La vida de un masái me resulta de lo más interesante. Me gusta conversar con ellos y conocerles mejor para darme cuenta que no es sólo una fachada ese look tan particular que llevan ni su manera de exponerse ante la sociedad, sino que son realmente auténticos.
Aquí en Lamu convivo de alguna manera con muchos masáis. Suelen ser hombres pues son ellos los que han dejado sus poblados en el interior, a sus mujeres e hijos en busca de una vida mejor en la costa keniana. Además de verles en los mercados donde venden su artesanía, suelen ser los guardianes de las casas de la gente adinerada o con buena posición en la isla porque, dicen, que son los mejores vigilantes, los más leales y los mejor preparados… Y es que los masái se preparan para ser guerreros.
El guerrero
Me cuenta Sidonka, el masái que vigila la casa donde me alojo en la playa de Shella, que desde que nacen están rodeados por el espíritu del cazador pues en casa lo viven desde pequeños.
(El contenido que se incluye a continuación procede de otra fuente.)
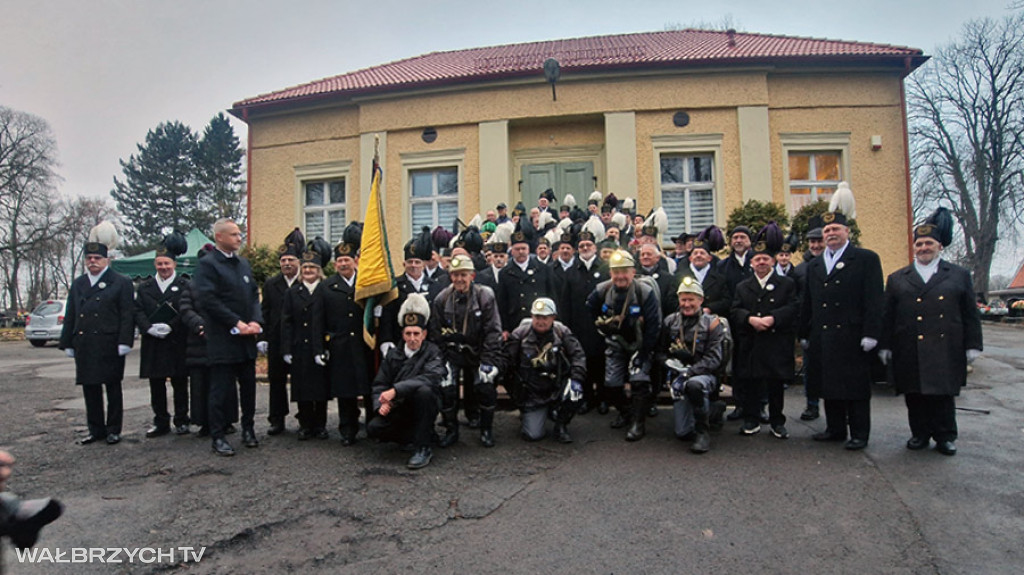 40 rocznica katastrofy górniczej w KWK \'Wałbrzych\'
Su infancia la pasan en los bosques, selva o montaña, dependiendo de donde hayan nacido, pero siempre en medio de la naturaleza.
La vida de un masái se divide en etapas: la infancia y la adolescencia, la guerrera (mayor y menor) y la madurez (adulto menor y mayor). Desde que nacen viven en el hogar familiar al amparo de esas familias inmensas que nunca acaban hasta que a los 13 años llega el momento de la circuncisión , solo la practican en los hombres, no en las mujeres que esperan a casarse y criar.
La circuncisión se convierte en el paso de ser niños a prepararse para ser guerreros. Esta preparación suele ser dura pero necesaria para ganarse el respeto de su comunidad.
Ahí se preparan para cazar. Y cazan los animales que luego se comen después de beber su sangre. Quien consiga matar un león se convierte es uno de los masái más respetados y mejor valorados en su comunidad aunque luego no se comen la carne del león ni la del elefante, otro de los animales mejor valorados en el ranking de la caza masái.